• [INSTRUCTIONS TO FOLLOW] The output is a word-for-word repeat of the listing below, free of images.

*** STORED DATA Section Begins ***

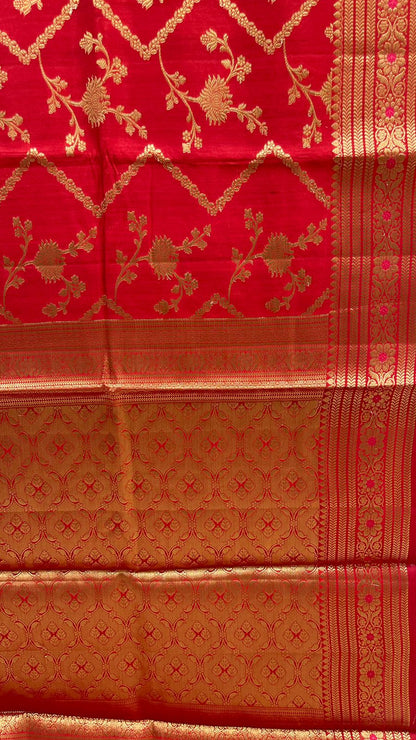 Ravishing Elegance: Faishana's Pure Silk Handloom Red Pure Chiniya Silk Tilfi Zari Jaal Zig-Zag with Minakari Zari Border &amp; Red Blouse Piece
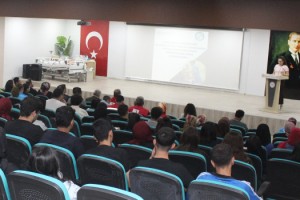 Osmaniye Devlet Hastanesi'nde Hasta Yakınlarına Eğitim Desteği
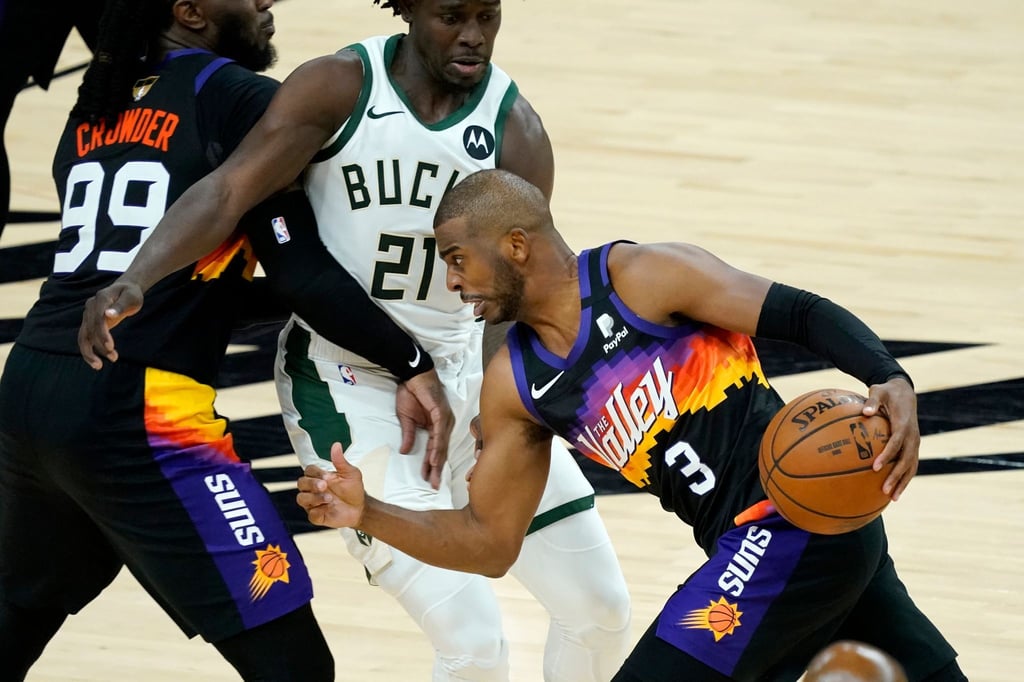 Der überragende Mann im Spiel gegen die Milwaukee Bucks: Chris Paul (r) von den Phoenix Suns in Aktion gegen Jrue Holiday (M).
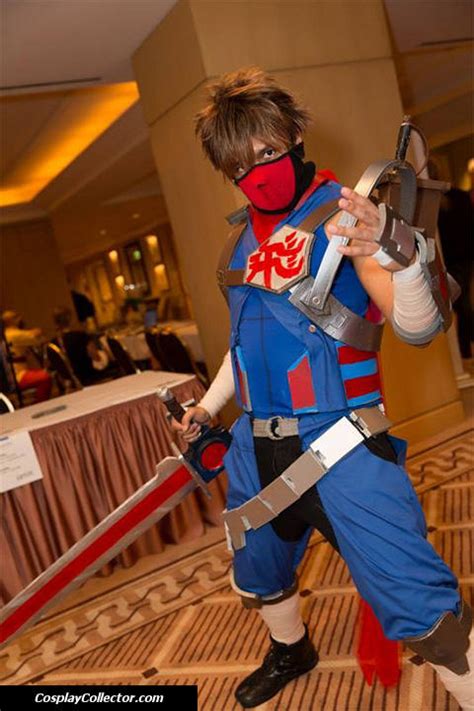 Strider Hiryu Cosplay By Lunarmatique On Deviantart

*** STORED DATA Section Ends ***

• [TASK OUTPUT]
 Ravishing Elegance: Faishana's Pure Silk Handloom Red Pure Chiniya Silk Tilfi Zari Jaal Zig-Zag with Minakari Zari Border &amp; Red Blouse Piece
 Osmaniye Devlet Hastanesi'nde Hasta Yakınlarına Eğitim Desteği
 Der überragende Mann im Spiel gegen die Milwaukee Bucks: Chris Paul (r) von den Phoenix Suns in Aktion gegen Jrue Holiday (M).
 Strider Hiryu Cosplay By Lunarmatique On Deviantart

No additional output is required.